[Try it]:
After finding "Renovation WYRAX 1" in a line below, print that line and the rest of the lines exactly, leaving out all pictures.

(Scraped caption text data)
━━━━━━━━━━━━━━━━━━━━

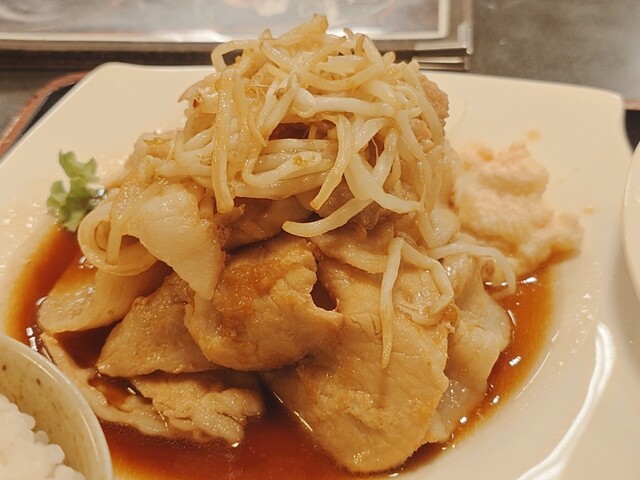 Shin Japanese cuisine Echigoya photo 3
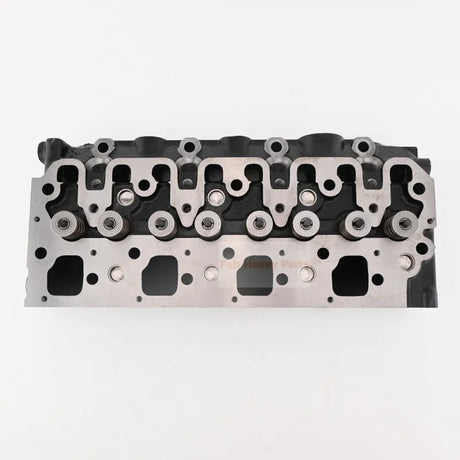 Cylinder Head for Shibaura Engine N844 N844L N844LT N844-D N844L-D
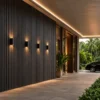 Outdoor WPC Slat Wall Panel Weather Resistant Storefront Facade Commercial Renovation WYRAX 1 Outdoor WPC Slat Wall Panel Weather Resistant Storefront Facade Commercial Renovation WYRAX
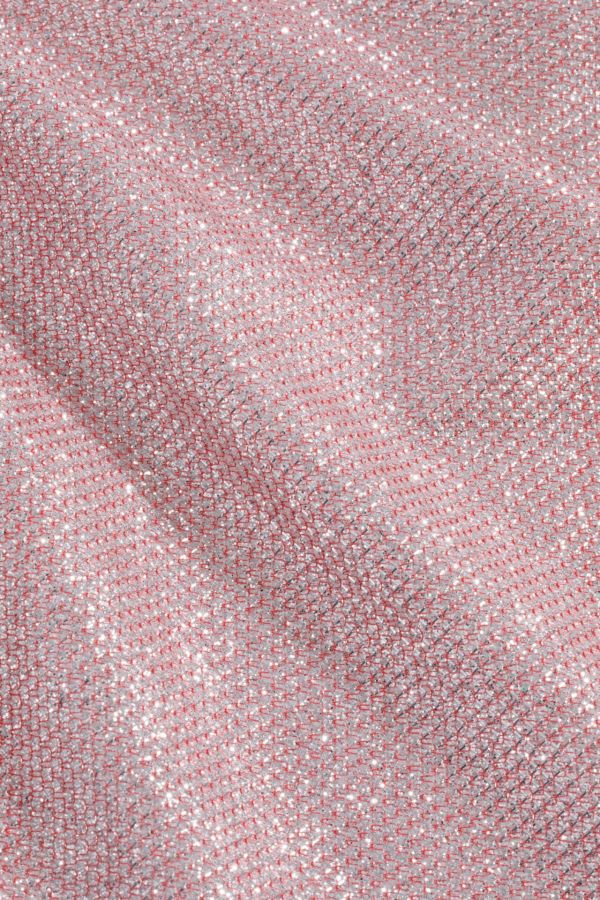 Blush Glitter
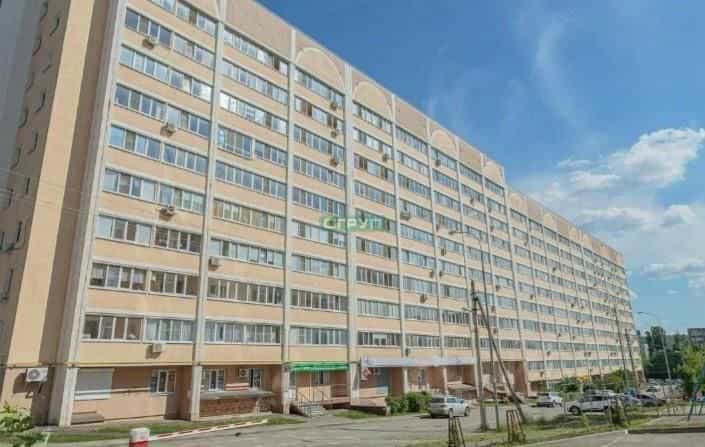Россия, Пенза, 3-й проезд Рахманинова, 5, фото 6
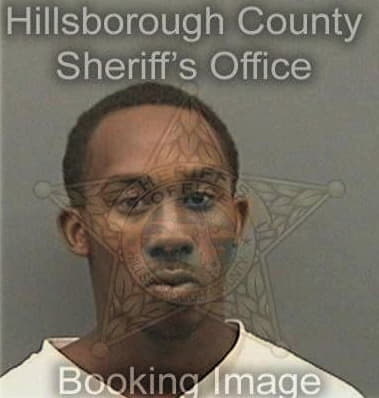 Moses Cody - Hillsborough County, FL 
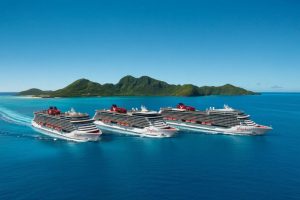 Read more about the article 2027’s Biggest Cruise Event: Virgin Voyages Puts the Caribbean at the Center of Global Tourism! – Travel And Tour World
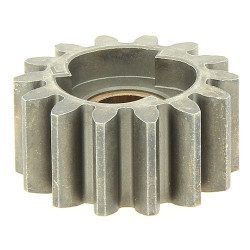 Pignon de traction gauche Yard Force GM B41A, GM B46C et B4046 T Pignon de traction gauche Yard Force GM B41A, GM B46C et B4046 T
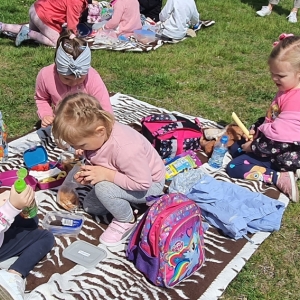 Dzień Dziecka – piknik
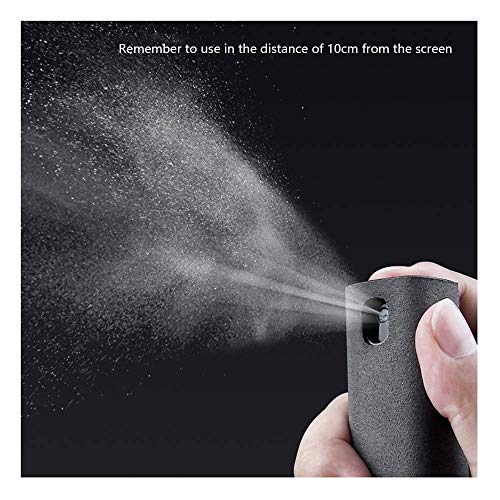 YTT Touchscreen Mist Cleaner, Screen Cleaner Spray, Fingerprint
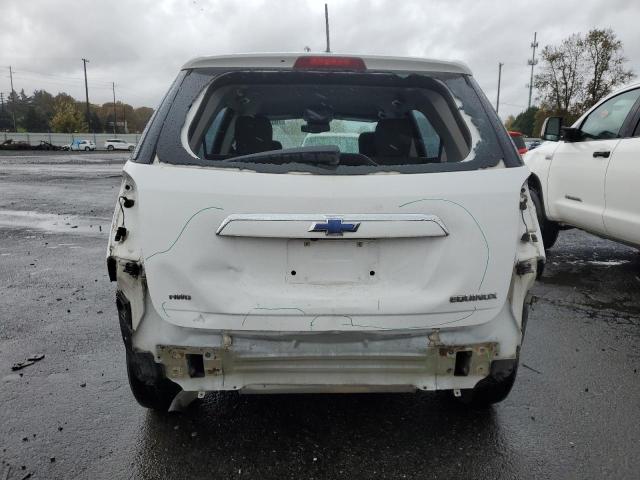 Photo 6 from auction – 2016 CHEVROLET EQUINOX LS with VIN 2GNFLEEKXG6178922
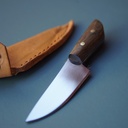 Cuchillo llavero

━━━━━━━━━━━━━━━━━━━━

[Reply]:
 Outdoor WPC Slat Wall Panel Weather Resistant Storefront Facade Commercial Renovation WYRAX 1 Outdoor WPC Slat Wall Panel Weather Resistant Storefront Facade Commercial Renovation WYRAX
 Blush Glitter
Россия, Пенза, 3-й проезд Рахманинова, 5, фото 6
 Moses Cody - Hillsborough County, FL 
 Read more about the article 2027’s Biggest Cruise Event: Virgin Voyages Puts the Caribbean at the Center of Global Tourism! – Travel And Tour World
 Pignon de traction gauche Yard Force GM B41A, GM B46C et B4046 T Pignon de traction gauche Yard Force GM B41A, GM B46C et B4046 T
 Dzień Dziecka – piknik
 YTT Touchscreen Mist Cleaner, Screen Cleaner Spray, Fingerprint
 Photo 6 from auction – 2016 CHEVROLET EQUINOX LS with VIN 2GNFLEEKXG6178922
 Cuchillo llavero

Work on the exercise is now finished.